The Core i7-6950X heat spreader has changed in appearance, but it’s mostly superficial.

6950X (left), 5960X (right)

6950X (left), 5960X (right)

Interestingly, the package on Broadwell-E is thinner than on Haswell-E:

6950X (left), 5960X (right)

To help with testing of the new Core i7-6950X, ASUS sent over the X99-Deluxe II motherboard, an updated version of the board I used in my Core i7-5960X review.

Corsair provided me with new Dominator Platinum memory (4x8GB) running at 3200 MHz and an RM1000x power supply to keep the juices flowing.

Overclocking the Core i7-6950X

While Turbo Boost Max Technology 3.0 is great, I am sure many of you are more concerned about how well you might be able to overclock Broadwell-E. I think the variance of overclocking will be pretty wide from SKU to SKU, but I only have the 10-core part in-house for testing. Still, results are pretty impressive.

Using the ASUS X99-Deluxe II motherboard, overclocking the Core i7-6950X was straightforward and essentially an identical process to previous platforms.
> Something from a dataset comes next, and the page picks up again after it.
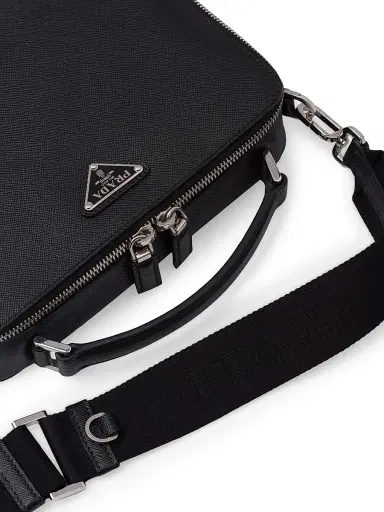 Prada Men's Medium Brique Saffiano Leather Bag - Black | Thumbnail 6 Prada Men's Medium Brique Saffiano Leather Bag - Black | Thumbnail 6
Adjusting multipliers and voltages with unlocked processors is an easy game and I quickly found that my stable point with this processor was 4.3 GHz.

I was able to run the Core i7-6950X at 4.3 GHz on all cores completely stable, using a Vcore of 1.35v. That is a substantial voltage increase over stock, so be sure you are using a competent cooler if you are going to attempt to reproduce it. (I was using a Corsair H100i GTX 240mm water cooler.) Temperatures stabilized around 75C during extended burn-in.

Hitting 4.3 GHz on all 10-cores (!!) produces some amazing performance increases.

  • CineBench 11.5
    • Stock: 19.05
    • 4.3 GHz: 23.62
    • 24% increase
  • POV-Ray
    • Stock: 3556.71
    • 4.3 GHz: 4262.92
    • 20% increase
  • Handbrake
    • Stock: 2551.23
    • 4.3 GHz: 338.89 FPS
    • 14% increase

Getting up to 24% better performance with a simple overclock, though it does require better cooling than a standard air cooler can provide, is fantastic. As it turns out, applying an 800 MHz overlock to 10 cores nets you quit a bit!

I was disappointed that overclocking seems to be more limited on Broadwell-E than it was with Haswell-E; in my review of the Core i7-5960X I was able to run all 8-cores at 4.6 GHz. I’ll wait and see what the rest of the community finds with the other parts in the BDW-E lineup.